═════ DATA EXCERPTS ═════

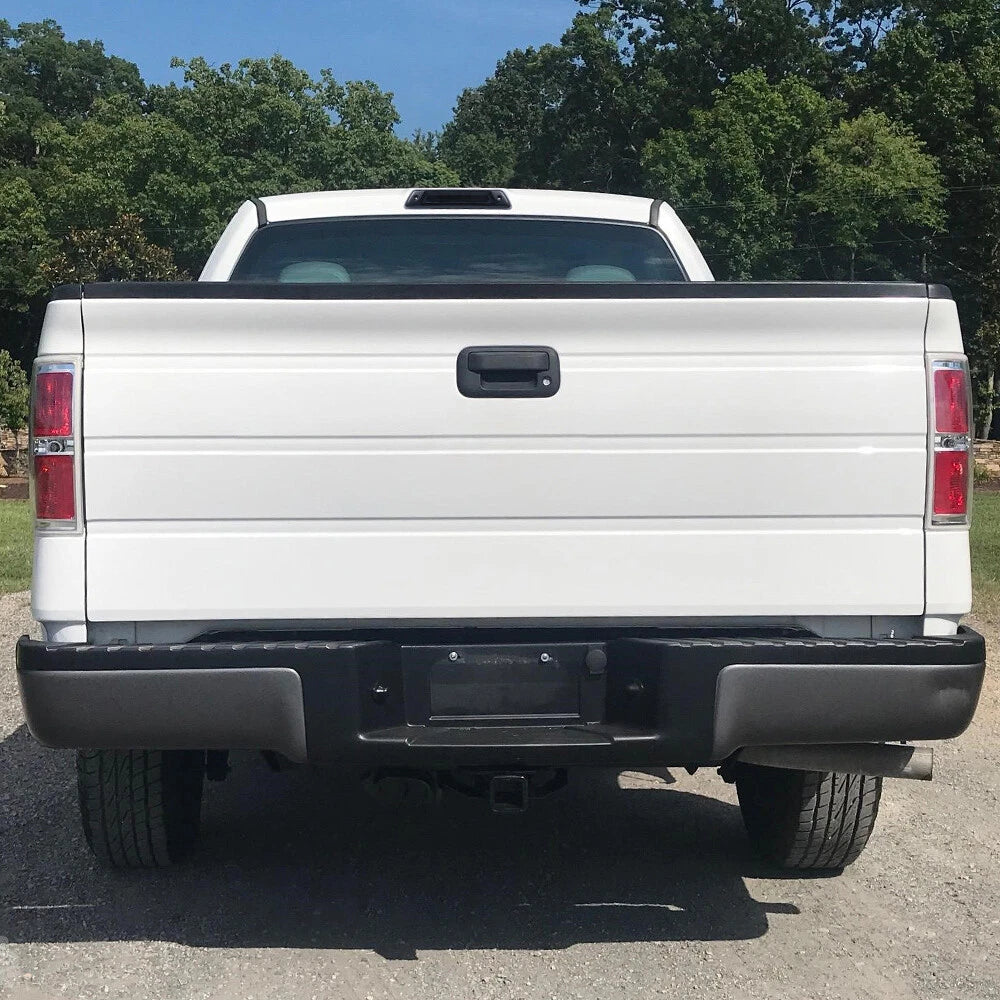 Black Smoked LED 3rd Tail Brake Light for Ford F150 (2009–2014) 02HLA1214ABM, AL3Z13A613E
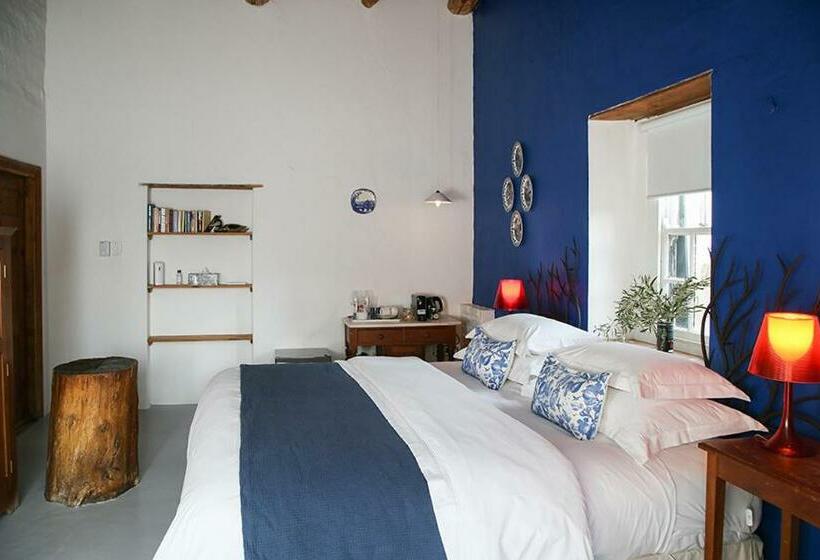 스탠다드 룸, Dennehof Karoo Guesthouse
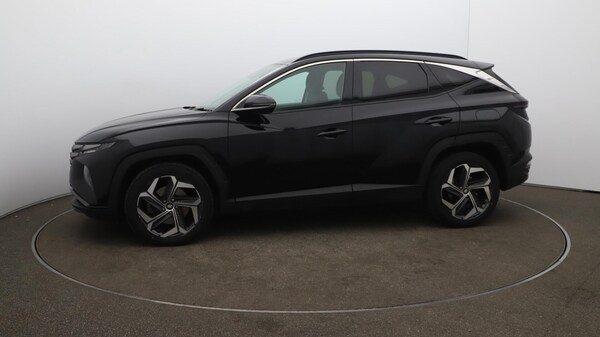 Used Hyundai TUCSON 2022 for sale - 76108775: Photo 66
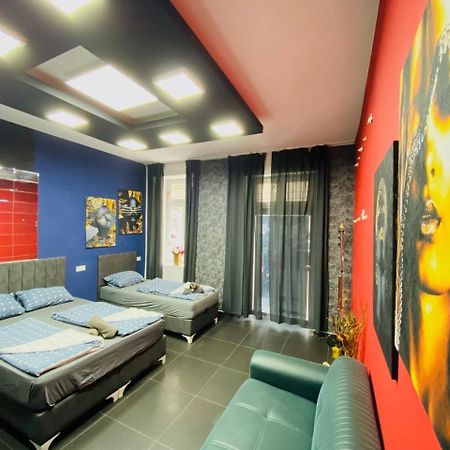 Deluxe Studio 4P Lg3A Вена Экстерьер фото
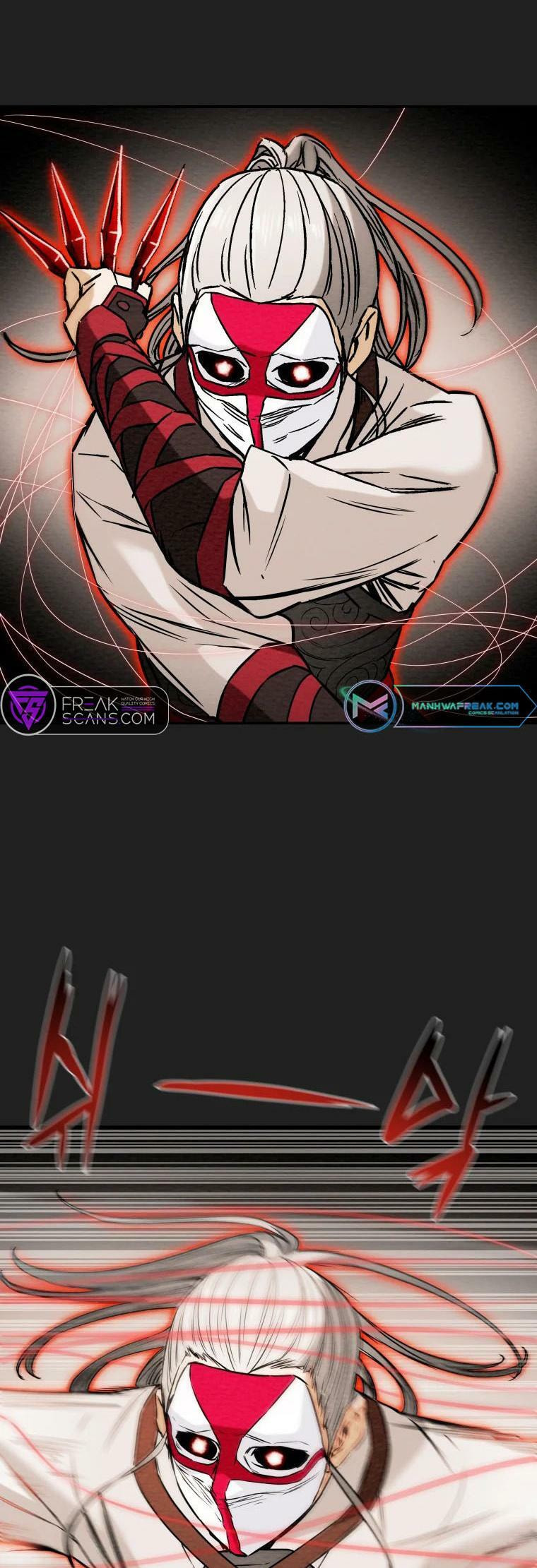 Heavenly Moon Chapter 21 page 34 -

═════

PROBLEM DESCRIPTION:
An exact copy of the lines from the one with "스탠다드 룸, Dennehof Karoo Guesthouse" through the end of the entries above, both included, is the whole answer. It contains no pictures.

REPLY TO THE TASK:
 스탠다드 룸, Dennehof Karoo Guesthouse
 Used Hyundai TUCSON 2022 for sale - 76108775: Photo 66
 Deluxe Studio 4P Lg3A Вена Экстерьер фото
 Heavenly Moon Chapter 21 page 34 -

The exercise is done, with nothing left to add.